Yenile yenile yenmesini öğrendiğimiz Sakarya gibi.
Dimdik ayakta hazır olmalıydık.

Bitsin bu sessizlik.
Çalsın davullar kurulsun halaylar.
İçimizdeki ukdeydi bu.
Derin uykudan şimdi uyandık.

Resimler.
Hepsi birbirinden güzel.
Beyaz saçlı, kara kaşlı.
Göğ gözlü, çil yüzlü.
Buğday benizli, esmer

Resimler.
Kaç yüzyıldır gidiyor bu kervan.
Çocuk sırtında, yörük kadınlarıyla.
Bu yolda.
Bilinmez.

İnci gerdanlı, portakal çiçeği kokusunda
Akdeniz kıyısında.
Sönmemiş körfezin kızıllığı
Hala için için yanmakta.

Al al yanaklı, sarışın esmer.
Beli bükülmüş.
Bastonu bir adım önde gider.
Mutlaka örter bir şeyle, varsa ak saçlarını.
Tahta çerçeveler içinde.
Resimler
Güzel mi güzel.

Resimler.

Baktıkça gözlerimizin içine.
Tir tir titretir, zemheri ayazı gibi içimizi.

Ve gidenler bu yollardan.
Artık uğramayı hiç düşünmez.

Hayatımın kırk yedi senesinde yol arkadaşım, eşimdin.
Kimselere söylemeden ne kadar da çok sevdim.
Kolay olmadı yokluğuna alışmak.
Senden sonra ayyuka çıktı sesim.

Kara kara gözlerin vardı, konuşmayan dillerin.
Zaten söylemen de gerekmezdi.
Dillenirdi her yerin.
 
Ölümünün yıldönümünde bir daha.
Dua ile anıyorum.
Allah’tan sana cennet diliyorum.

O benim en güzel yıllarımın yoldaşıydı.
Huzur bulduğum eşim.
Benden genç benden diri.
Takati kalmadı yedi yılda, beni terk etti.
O bana sükûnet verendi.
O gitti içimdeki huzur da bitti.
Yeniden huzur arıyorum.

Dalgın dalgın yürüyorum bir sokakta.
Kendi kendime konuşuyorum.
En iyi yetenek benim demiyorum.
İçimden geliyor şiir okuyorum.
Gecenin geç vaktinde bile ben hâlâ.
Aklımdaki düşünceler yüzünden kıvrılıp yatamıyorum.

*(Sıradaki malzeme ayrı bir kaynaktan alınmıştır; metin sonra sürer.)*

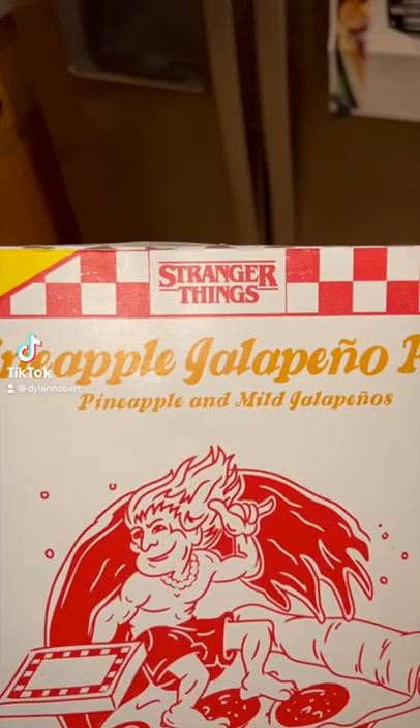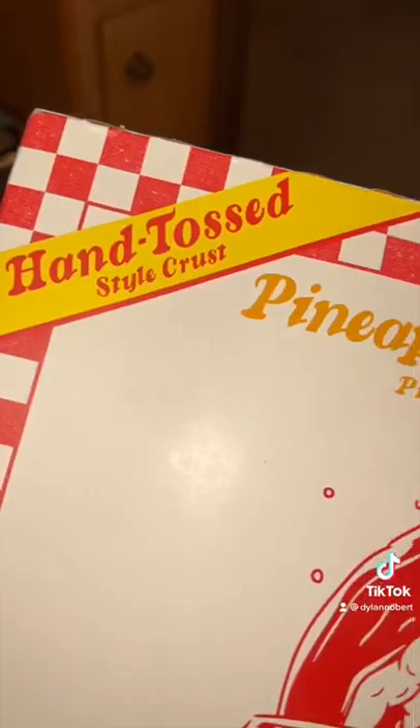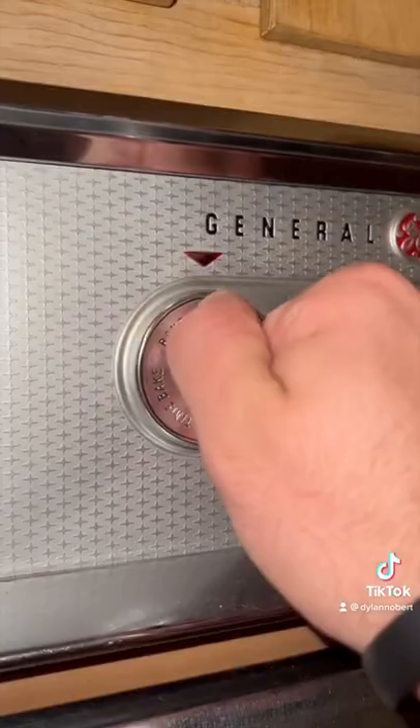We decided to try and rate the Surfer Boy pizza from Stranger Things. You got any games on you, Phum? We got the pineapple jalapeño flavor because that's what they ate in the show.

Mutlu insanlar doğru eş seçenlerdir. 
Ben öyle derim.
O benim için en doğru eşti. 
Beni, yaşamında mutlu etti. 
Rabbim de onu son yaşamında mutlu etsin. 
Cennetine koysun diye yalvarıyorum.


Anılar bazen.
İçimizdeki ateş.
Bazen de efil efil esen bir meltem olur.
Benim ateşimi korlattı.
İnşallah size de bir merhem olur.
Dileklerimin en güzelini diliyorum.

16/09/2023

Benim işim şimdi zor.
Güzelim.
Hiç olmadığı kadar ağlak, sulu göz,
Fışkıran pınarlar gibiyim.

Akmadan edemiyorum.

Sen yoksun şimdi fotoğrafların var.
İçimi kanatan. 
Cansız. 
Bir zamanda donuk.

Bakmadan edemiyorum.

Sen ne güzel bir kadındın.
Kıskandığım, kıyamadığım.
Kalbimde sakladığım.

Sensiz edemiyorum.

Benim işim şimdi zor.
Güzelim.
Martın otuzunda saat üç on beşte.
Bittim.
Topladım çıkınımı, düştüm yollara.
Feryat, figandayım. 

Gitmeden edemiyorum.

Yoksun. 
Dilimde içli bir türkü. 
Elvan elvan güller biter bağında.
Arife gününde bayram ayında.
Mırıldanmaktayım.
Kara kara gözlerin vardı hâlâ taa içimde.
Sımsıcak.
Özlemdeyim. 

Gül’üm dedim; Gül’üm
Başka da bir şey demedim. 
Ben yârime Gül demem. Gül’ün ömrü az olur.
Bilemedim. 
Hüsrandayım. 

Doymadan kısacık bir ömre.
Gittin.
Seni çepeçevre sardı toprak.
Hüzünlendim.  
Şikâyetteyim.

Her şey dağılmış, moloz yığını her taraf.
Kalbim kırık.
Deprem yıkığı gibiyim, 

Gül’üm.
Ağlamaktayım.

Ufkum karardı. 
Kızıllığını sevdiğim Körfez'de.

Gittin. 
Yapayalnız bıraktın beni. 
Lodoslu masmavi bir Akdeniz gününde.

Üşüdüm de üşüdüm.
Çok soğuk yatak. 
Bir ömür var mı önümde, 
Sensizliğe alışacak.

Çok kötü; yalnızlık.
Hele de kalabalıkta.
Rabbim; yol göster bana.
Çarem yok sana sığınmaktan başka.

Dağılsın kara kara bulutlar. 
Al beni kanatlarına.

Ne kadar da çok muhtacım, şimdi.
Tutunacak bir dala.
Sımsıkı sarıl da,
Uçur beni aydınlık yarınlarına.

Gençtim, toydum.
Haberim yoktu sevda bilgisinden.
Sev ’den türeyen kelimeleri bilmezdim. 
Ama seni çok sevdim.

Kadim mezarlıkta.
Çam ağacının altında.
Uğurlamaya gelmişler; kalabalık.
Yasinler okunuyor bir yandan.
Beyaz elbisenin ucundan çocukların tuttu, usulca.
Bıraktılar toprakta açılmış kuytuya.
Üşümeyesin diye örttüler üstünü, sıkı sıkıya.

Yoksun yanımda. 
Tüm kaygıların bana kaldı; kuş gibi uçtun gittin.  
Kalın kalın kazıdım cismini her zerreme. 
Benimlesin. 
Burkuldum, hüzünlendim. 
Artık sen Rabbime emanetsin.

Sonra mezar taşına adın kazınır birde 57 de doğdu 23 de öldü yazılır. 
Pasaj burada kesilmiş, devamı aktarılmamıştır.